■ TASK DESCRIPTION ■
Begin at the line containing "1248 ASH LN, Lebanon, PA 17042" in the records below, end at the line containing "public domain, rojaltivapaa", and retype each line in that span exactly. No other line and no image should appear.

■ DATA TO PROCESS ■
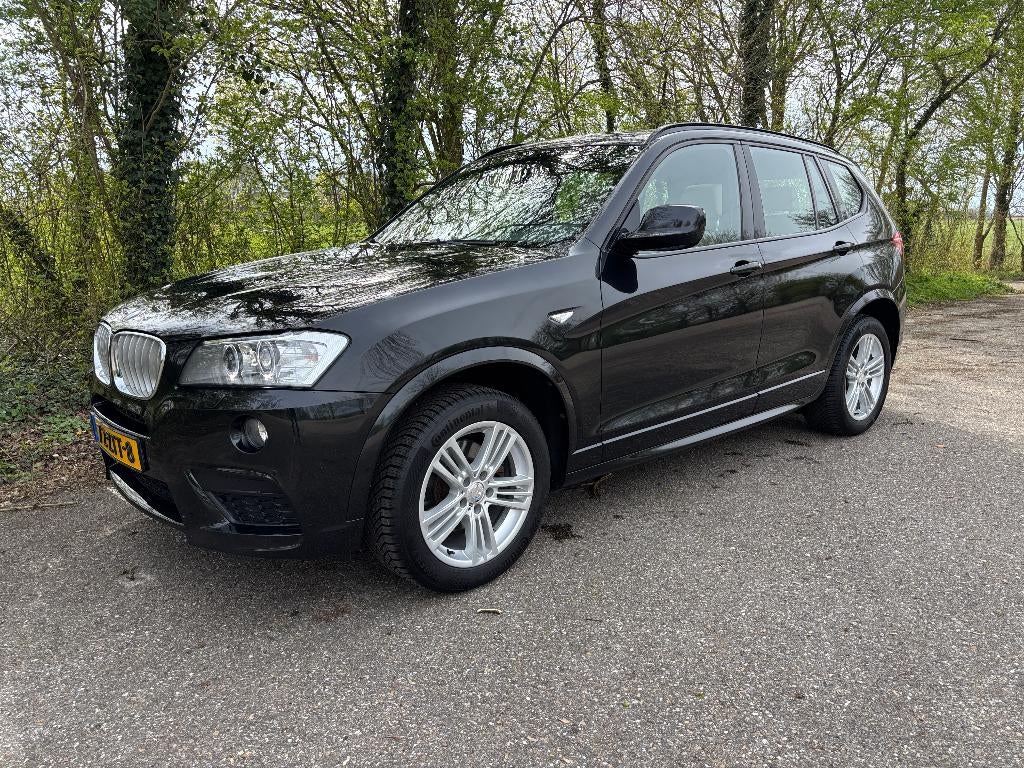 BMW X3 2.0i xDrive M-Sport, Pano-dak, Trekhaak, Leer, Xenon, Auto's, BMW, Euro 5, Beige, 4 cilinders, 2000 kg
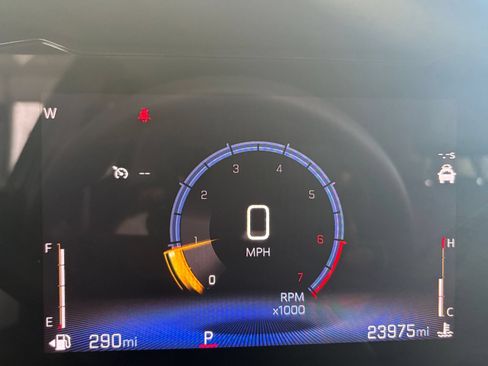 Used 2025 Chevrolet Trax LT FWD image 40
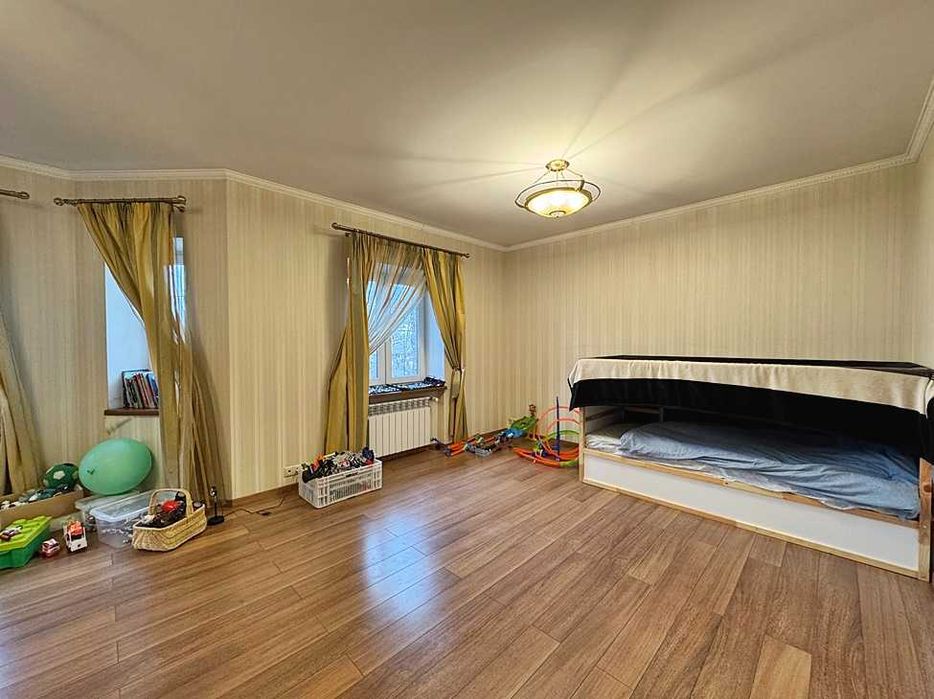 Будинок з ремонтом, гаражем, сауною та басейном. Центральний Парк.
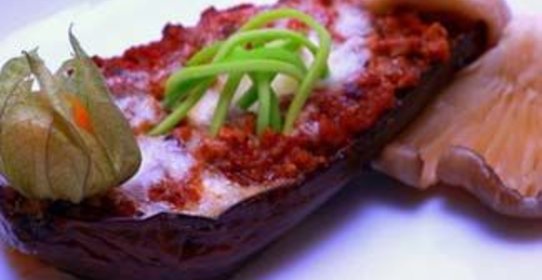 Лодочка из баклажанов
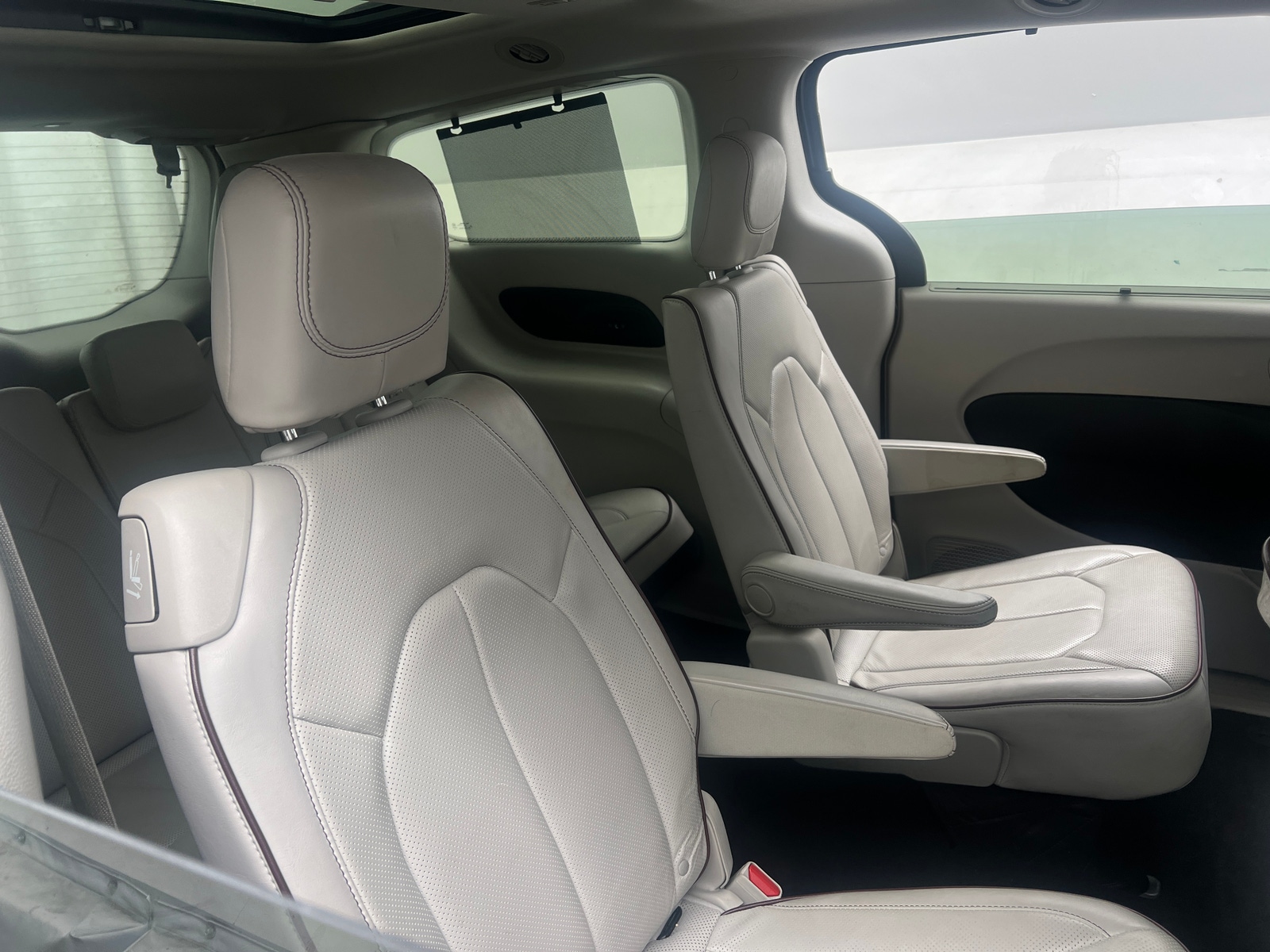 Thumbnail: 2018 Chrysler Pacifica - 5
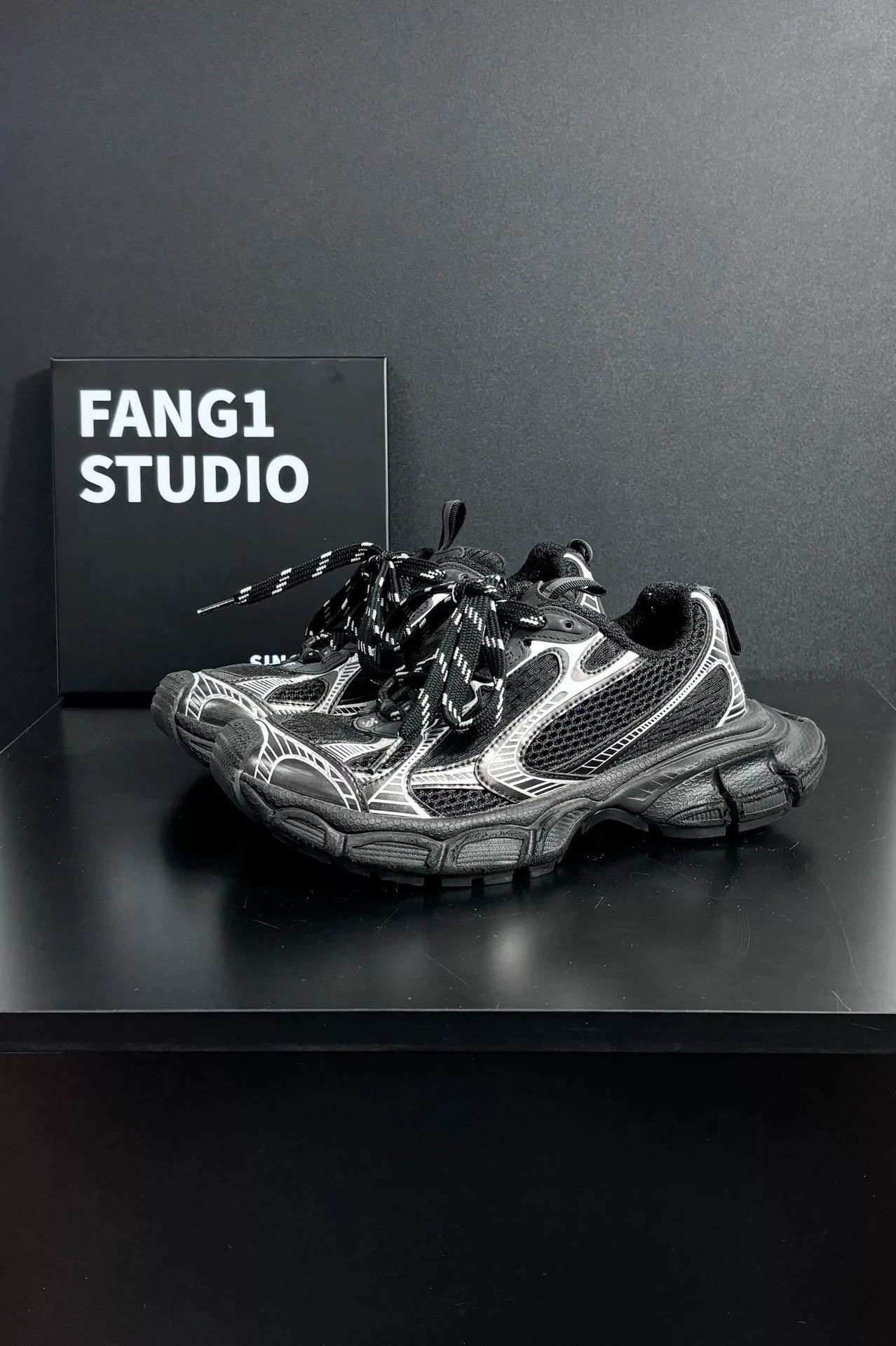 Balenciaga Balenciaga Distressed Silver Lowtop Sneakers us_6 Women Size US 6 / IT 36 - 1 Thumbnail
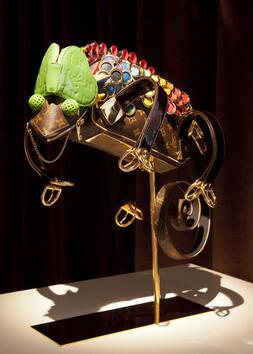Били Ахилеос превръща чантите Louis Vuitton  в скулптури на животни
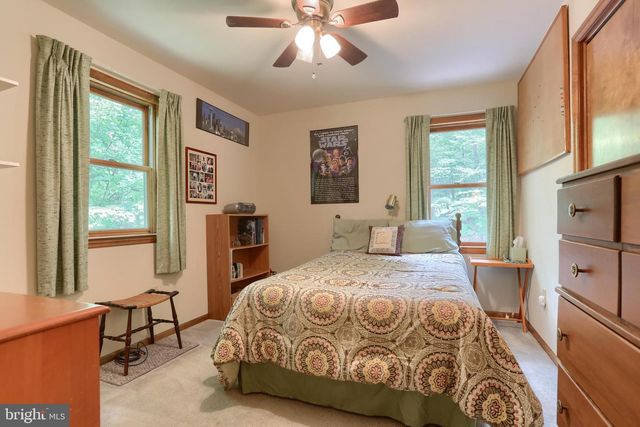 1248 ASH LN, Lebanon, PA 17042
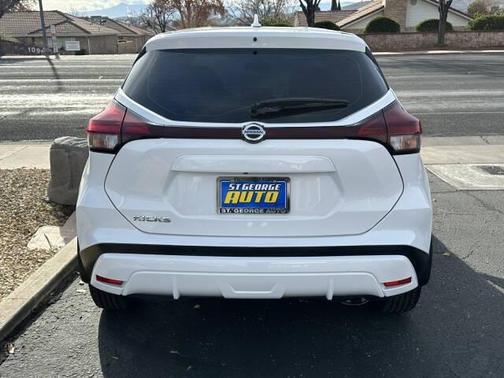 2021 Nissan Kicks S
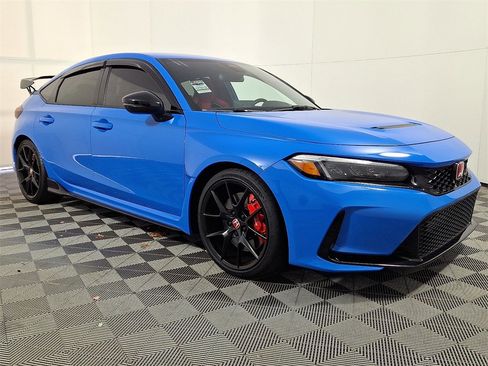 Used 2023 Honda Civic Type R image 4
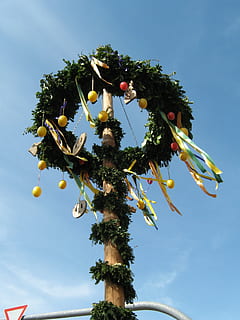 pääsiäispuu, pääsiäinen, muna, festivaali, seppele, riippuva, symboli, pääsiäismuna, kevät, Hung, värikäs, pääsiäismunia, juhlapäivät, muna-puu, puu, hedelmä, ruoka ja juoma, matala kulma, taivas, haara, ei ihmisiä, päivä, pilvi - taivas, puun lehti, kasvi, kasvu, luonto, terveellinen ruokavalio, ruoka, tuoreus, vihreä väri, ulkona, koriste, kauneus luonnossa, oranssi, 2K, CC0, public domain, rojaltivapaa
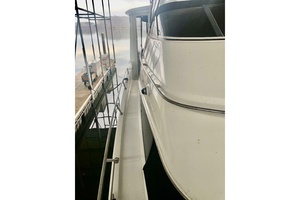 Fire Away 44ft Carver Yacht For Sale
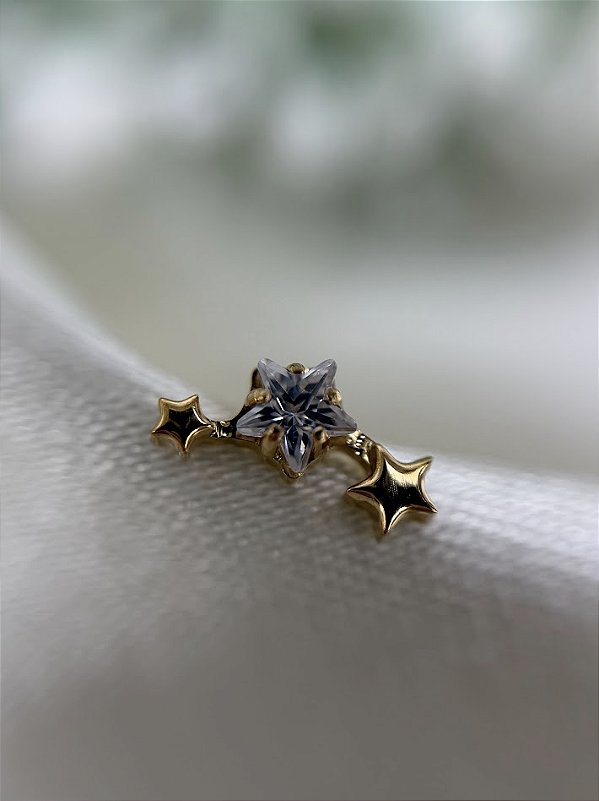 Labret cluster 3 estrelas c/ zircônia - Titânio PVD GOLD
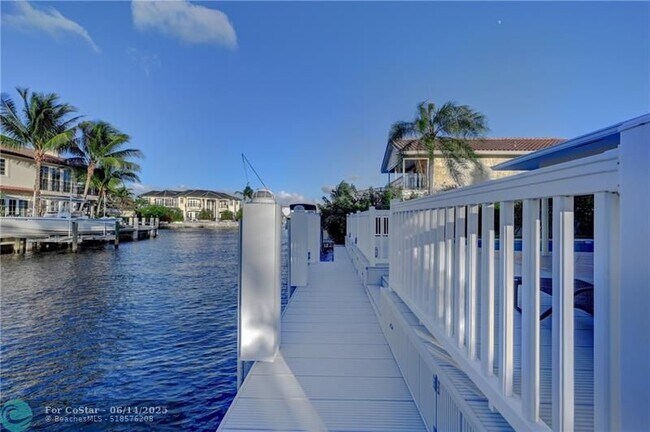 681 Marine Dr in Boca Raton, FL - Foto de edificio - Building Photo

■ TASK ANSWER ■
 1248 ASH LN, Lebanon, PA 17042
 2021 Nissan Kicks S
 Used 2023 Honda Civic Type R image 4
 pääsiäispuu, pääsiäinen, muna, festivaali, seppele, riippuva, symboli, pääsiäismuna, kevät, Hung, värikäs, pääsiäismunia, juhlapäivät, muna-puu, puu, hedelmä, ruoka ja juoma, matala kulma, taivas, haara, ei ihmisiä, päivä, pilvi - taivas, puun lehti, kasvi, kasvu, luonto, terveellinen ruokavalio, ruoka, tuoreus, vihreä väri, ulkona, koriste, kauneus luonnossa, oranssi, 2K, CC0, public domain, rojaltivapaa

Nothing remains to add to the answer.